Although trials of prisoners held outside London were heard by Special Commissioners and the routine criminal business of the courts of Assize was largely suspended after each rising, a few documents and entries relating to rebels can be found among the Assize records for the north-eastern circuit (ASSI 41-47) and those of the Palatinates of Chester (CHES 21 and CHES 24), Durham (DURH 17 and DURH 19) and Lancaster (PL 25-28).
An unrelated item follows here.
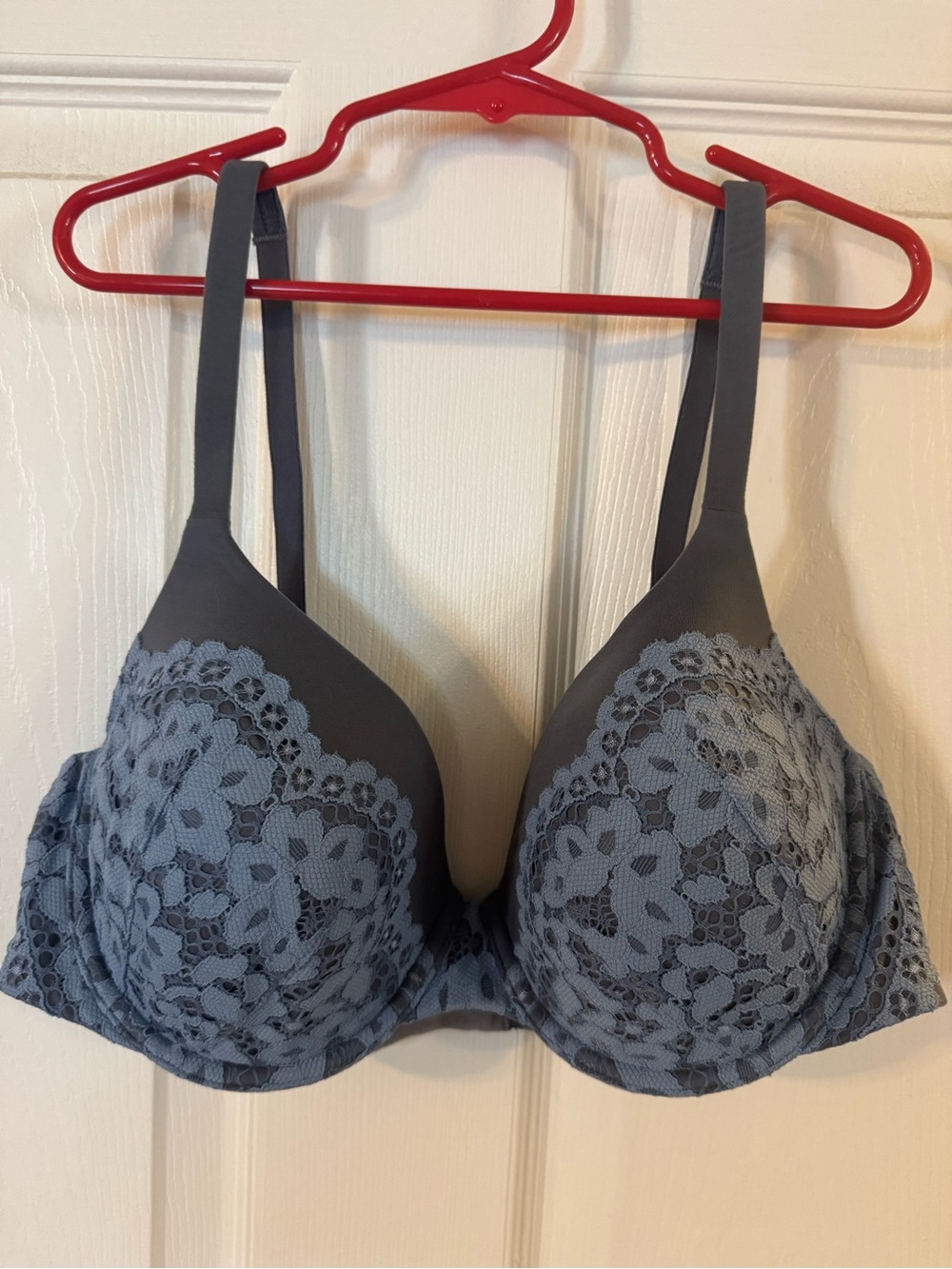 Victoria's Secret Gray Lace Push-Up Bra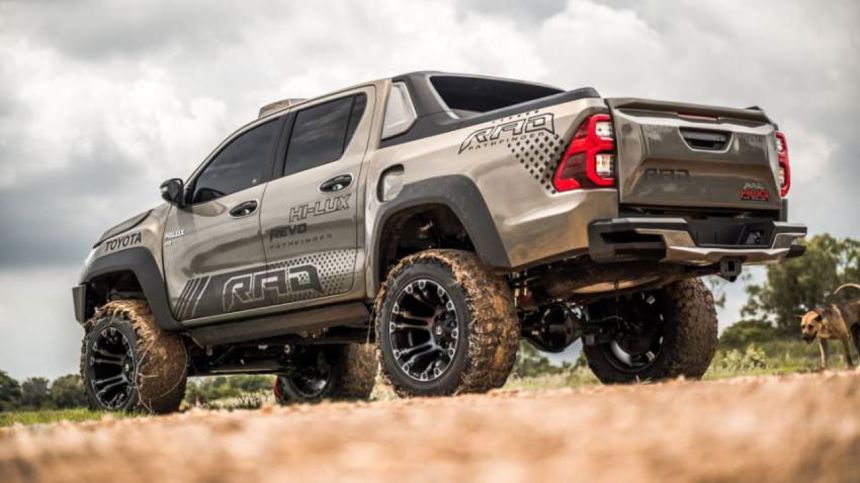 Toyota Hilux by Rad image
The estates of many rebels were forfeit to the Crown. After the 1715 rising, a Forfeited Estates Commission was established: the papers (FEC 1) and books (FEC 2) of the Commissioners for England and Wales are described in The Records of the Forfeited Estates Commission (Public Record Office Handbooks no 12, HMSO 1968). The records of Greenwich Hospital (ADM 74-80) contain many estate and some family records of the Earl of Derwentwater whose lands, after forfeiture, passed to the Hospital. A smaller collection of records, relating to forfeitures after the 1745 rising is in T 64.
7. Scottish Record Office
The records of the Forfeited Estates Commissioners for Scotland, together with many other valuable sources are in the Scottish Record Office. Inquiries should be addressed to the Scottish Record Office, PO Box 36, HM General Register Office, Edinburgh EH1 3YY (0131-556-6585).
8. Local record offices
Records of local proceedings against rebels may be found among those of the Lieutenancy and Clerk of the Peace of the county concerned. The addresses and telephone numbers of local record offices are given in Record repositories in Great Britain: a geographical directory (7th edition, HMSO, 1982).
9. Private collections
The private papers and estate records of politicians, members of the armed forces, local officials and landowners can provide useful detail. Information about such collections may be obtained from National Register of Archives and the National Register of Archives (Scotland).